WORK REQUEST
Your copy should hold only the lines from the one containing "Scottie Scheffler Defends" through the final line of the entries, exactly as written, with no pictures.

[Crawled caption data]
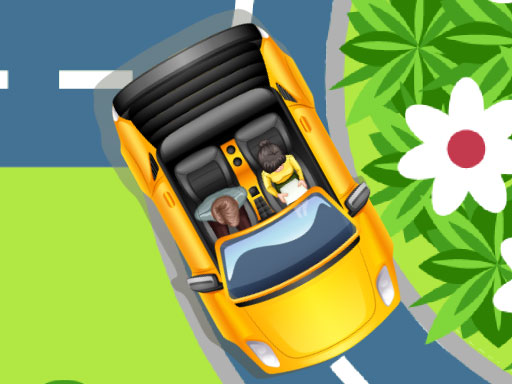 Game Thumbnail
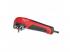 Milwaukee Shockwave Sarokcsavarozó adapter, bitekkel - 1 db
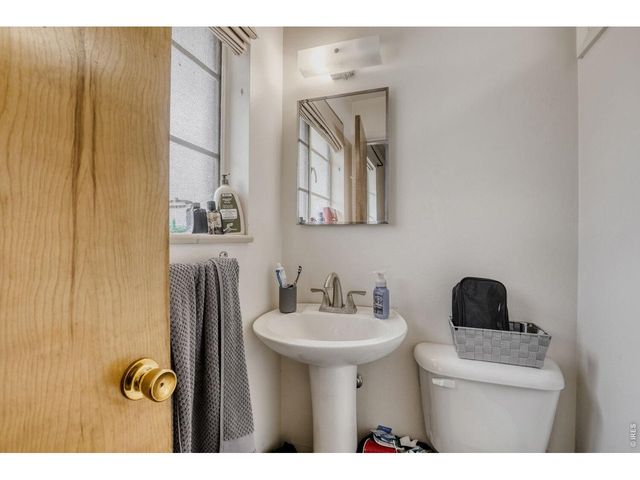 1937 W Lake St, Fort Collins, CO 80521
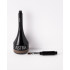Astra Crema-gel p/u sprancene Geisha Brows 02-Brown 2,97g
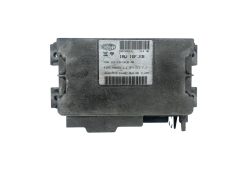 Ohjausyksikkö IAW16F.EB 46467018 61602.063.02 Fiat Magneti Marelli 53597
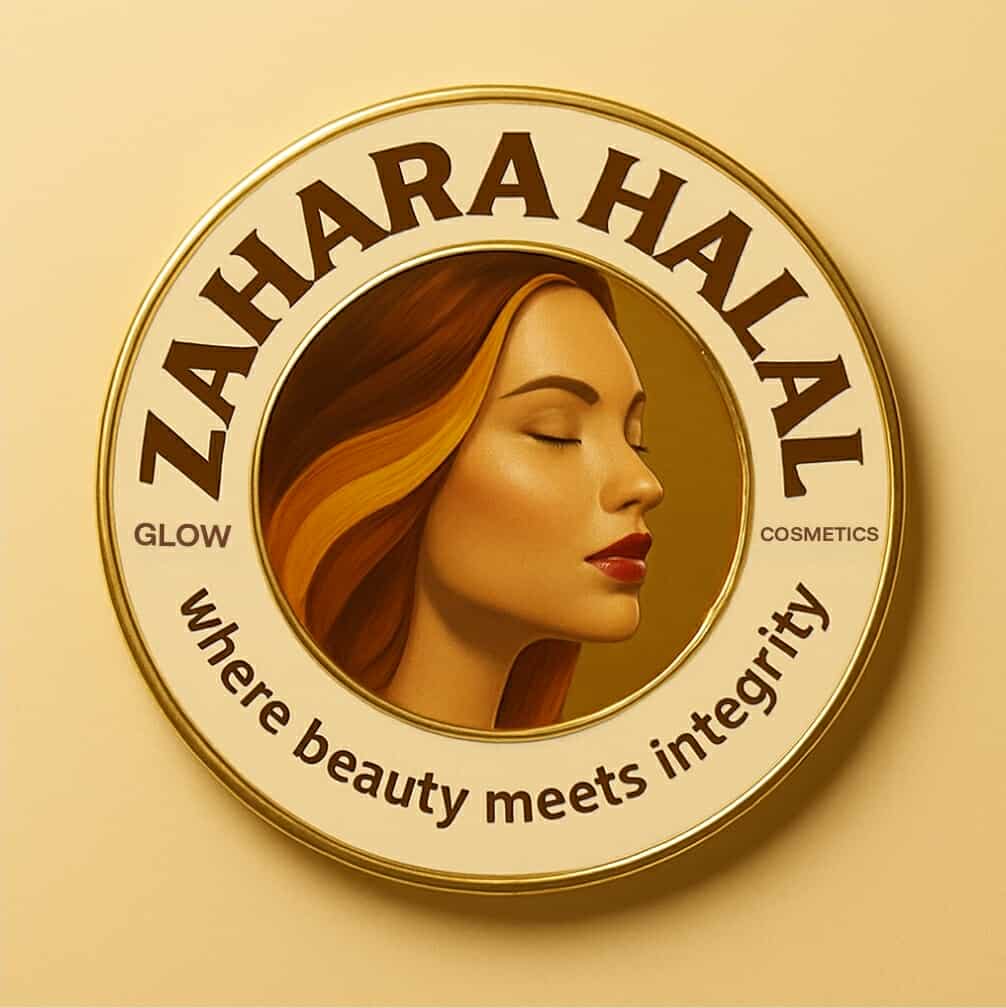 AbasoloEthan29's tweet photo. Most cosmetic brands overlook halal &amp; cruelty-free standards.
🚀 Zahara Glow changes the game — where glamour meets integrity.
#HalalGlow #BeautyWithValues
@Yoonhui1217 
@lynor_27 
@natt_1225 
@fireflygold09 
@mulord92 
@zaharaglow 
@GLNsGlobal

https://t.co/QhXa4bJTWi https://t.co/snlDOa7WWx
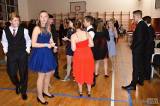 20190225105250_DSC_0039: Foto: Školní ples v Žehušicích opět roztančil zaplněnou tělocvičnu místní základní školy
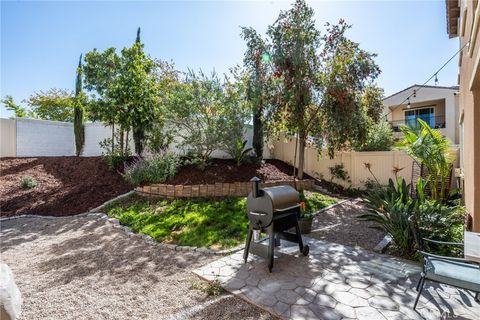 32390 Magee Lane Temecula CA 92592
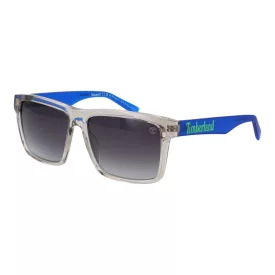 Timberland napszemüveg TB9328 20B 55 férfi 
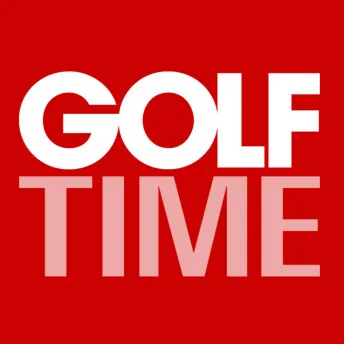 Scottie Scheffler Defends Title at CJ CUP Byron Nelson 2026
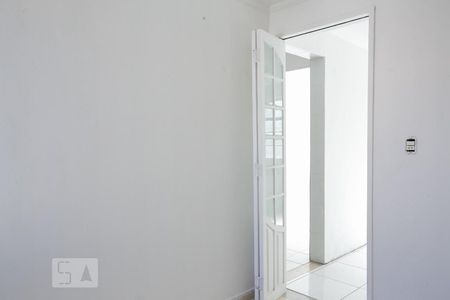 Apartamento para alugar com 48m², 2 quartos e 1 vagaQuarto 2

EXERCISE RESPONSE
 Scottie Scheffler Defends Title at CJ CUP Byron Nelson 2026
 Apartamento para alugar com 48m², 2 quartos e 1 vagaQuarto 2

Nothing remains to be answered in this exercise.